The United States Department of Defense says the number of former Guantanamo Bay detainees returning to terrorist activities is on the rise.  

Pentagon Spokesman Geoff Morrell told reporters on Tuesday that 61 former detainees from the U.S. military facility at Guantanamo Bay, Cuba have returned to the fight against the United States and its allies.

Morrell said that a Defense Department report compiled in December found a substantial increase in the number of detainees returning to terrorism.

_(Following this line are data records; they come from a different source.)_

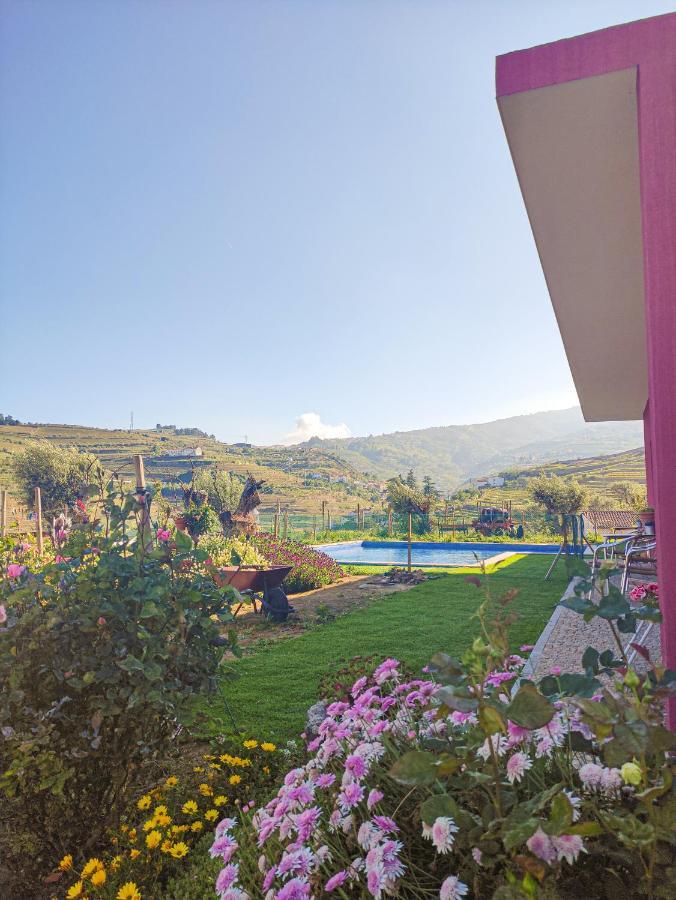 Quinta Dos Padrinhos - Suites In The Heart Of The Douro Lamego Bagian luar foto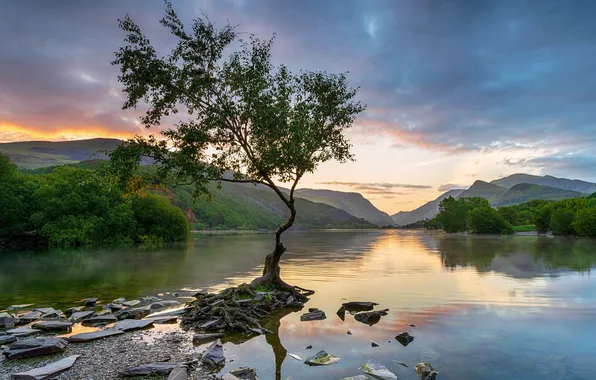Lake, Horizon, Sunrise, the beauty of nature, Snowdonia National Park, Sunrise, Snowdonia national Park, Picturesque …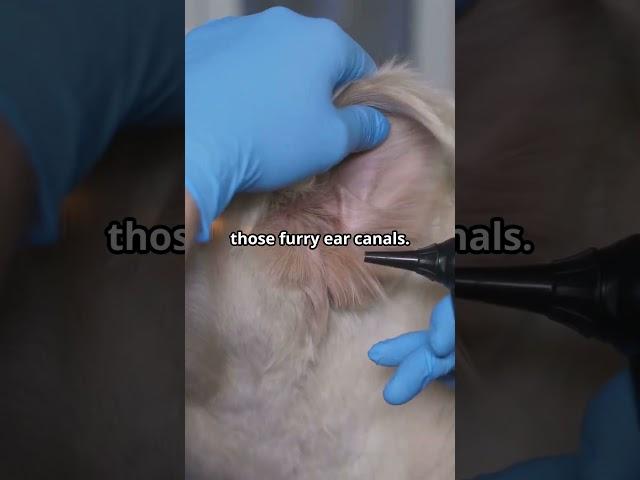 How to Cure Dog Ear Infections Fast!  Vet-Approved Tips #shorts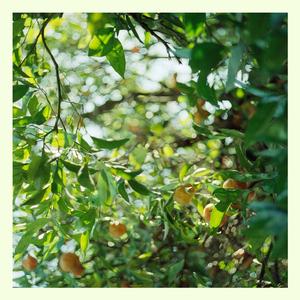 Westcoast Daydreaming (西海岸白日梦)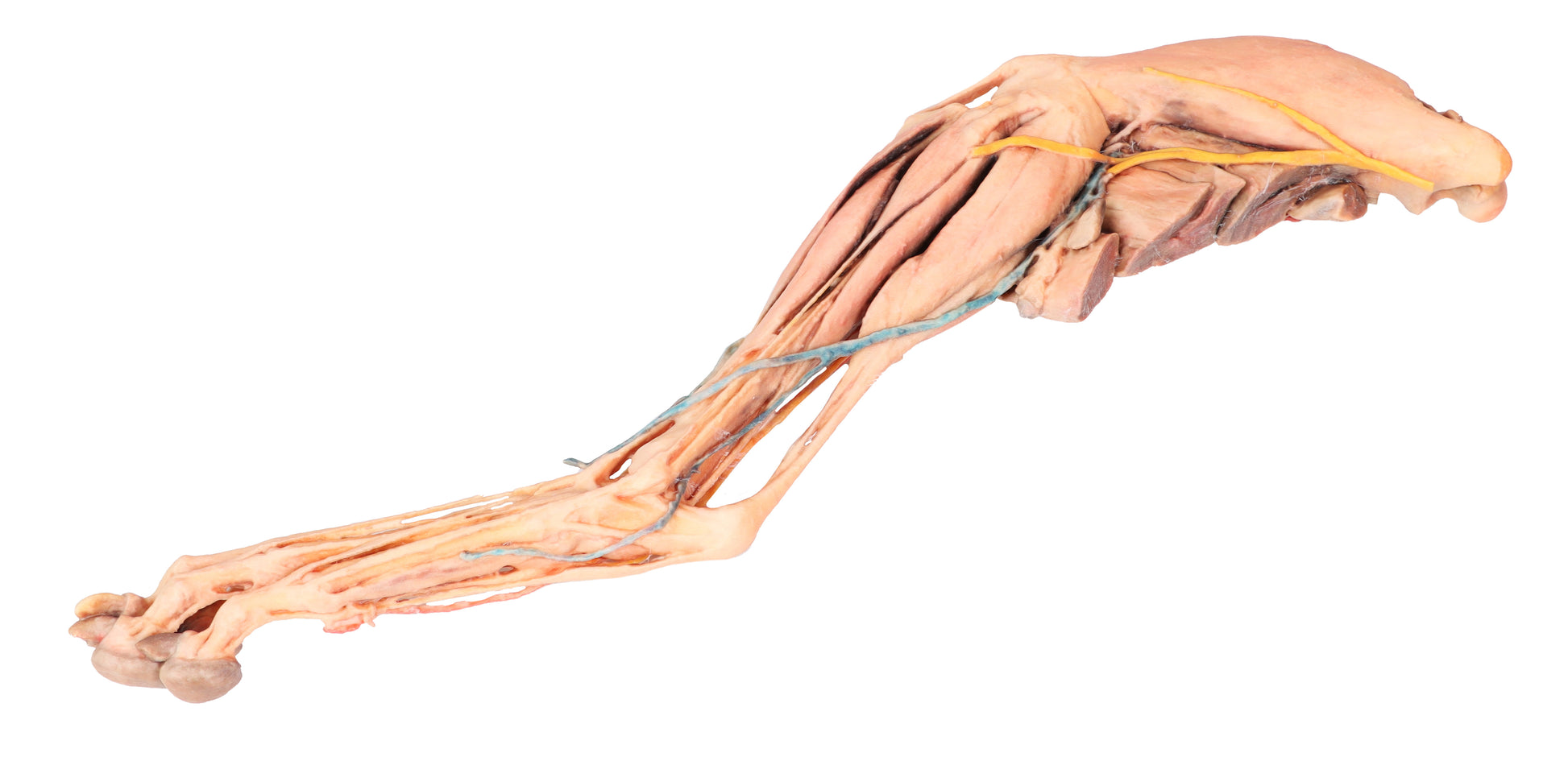 Canine Fore/Hind Leg 3D Printed Model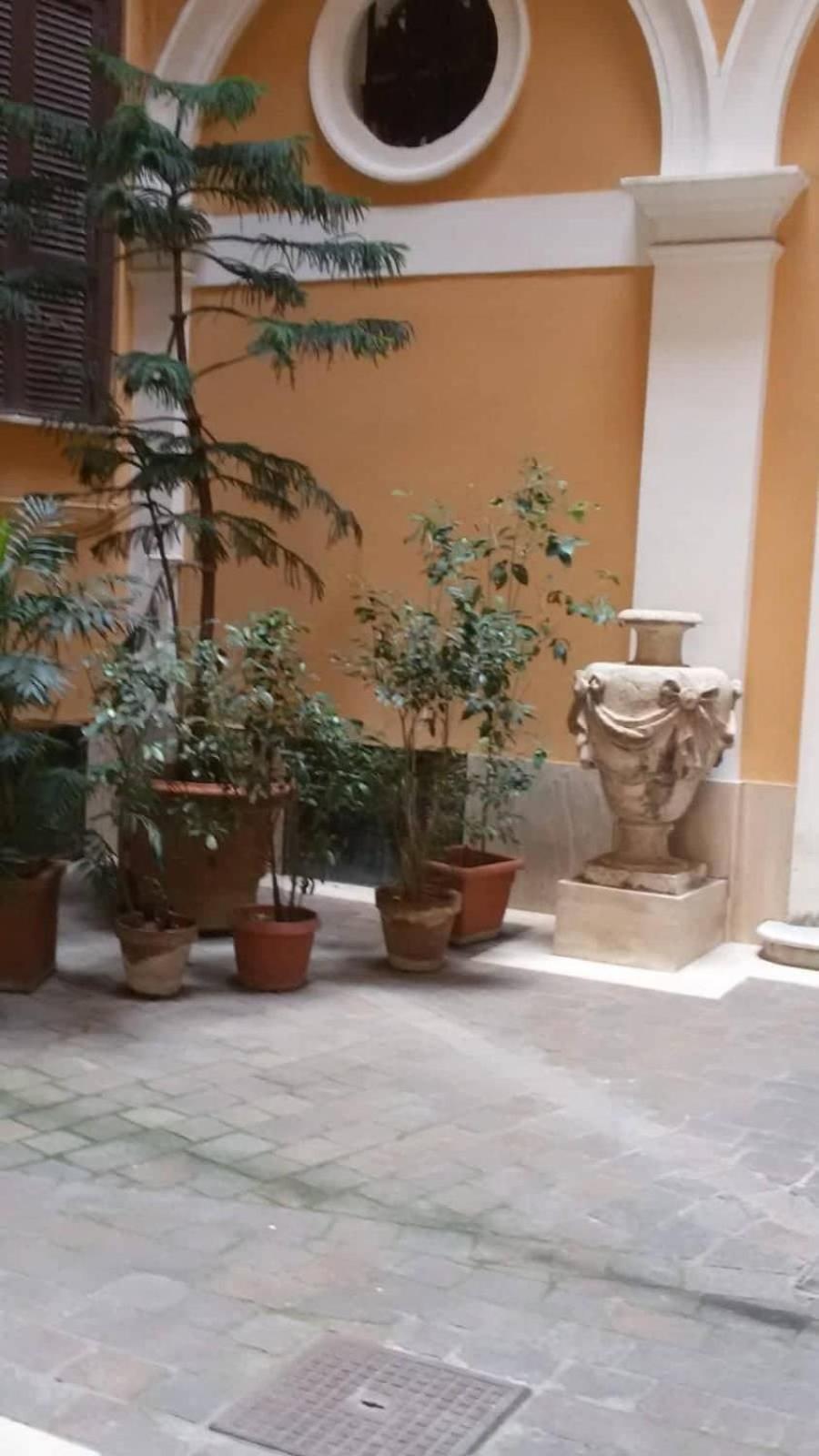 Garden's Elide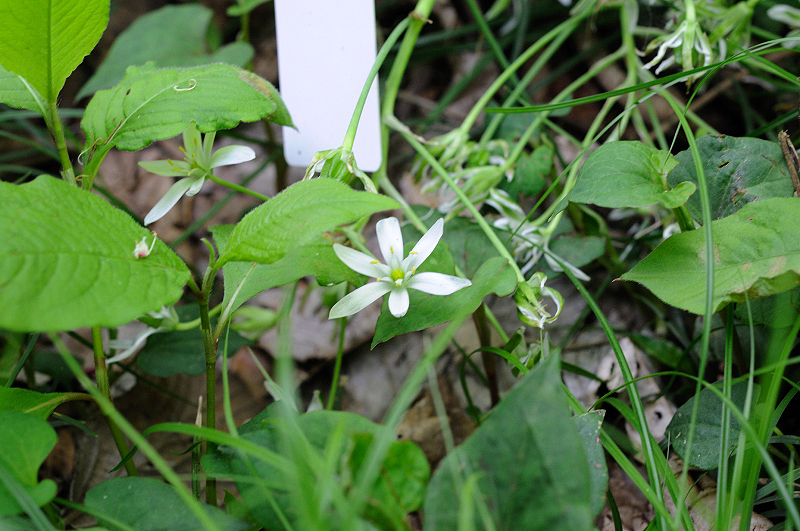 image0127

"Prior to this report, the rate had been about seven percent of those who had been held at Guantanamo and released and those that had been confirmed or suspected of returning to the fight.  At that point, we suspected that 37 former detainees had returned to the fight," said Morrell.  "We now believe that that number has increased and that the overall known terrorist re-engagement rate has increased to 11 percent."

Morrell said that of the former detainees who returned to terrorism, 18 are confirmed and 43 are suspected of participating in terrorist activities.  He says fingerprints, photographs and intelligence materials were used to tie some of the former detainees to terrorist activities.

"There clearly are people who are being held at Guantanamo who are still bent on doing harm to America, Americans and our allies," he said.  "So there will have to be some solution for the likes of them."

But Mark Denbeaux of Seton Hall University Law School has represented some of the detainees and says the Pentagon has failed to produce evidence of early claims that former detainees have returned to the battlefield.
"The numbers are wrong about who has returned to the fight; their numbers and names are wrong about who has been in Guantanamo.  And, of course, the characterization of 'returned to the fight' is far broader than they would like to admit," said Denbeaux.  "What they would like is to be understood to mean as 'return to the battlefield,' but, of course, that hasn't happened.  So what they mean by 'return to the fight' is engaging in propaganda battles and criticisms of the United States at home and abroad."

About 520 detainees have been released from Guantanamo or transferred to other governments since the facility was established in 2002.  About 250 remain there.

President-elect Barack Obama is expected to issue an executive order to close the Guantanamo Bay prison, soon after he takes office on January 20.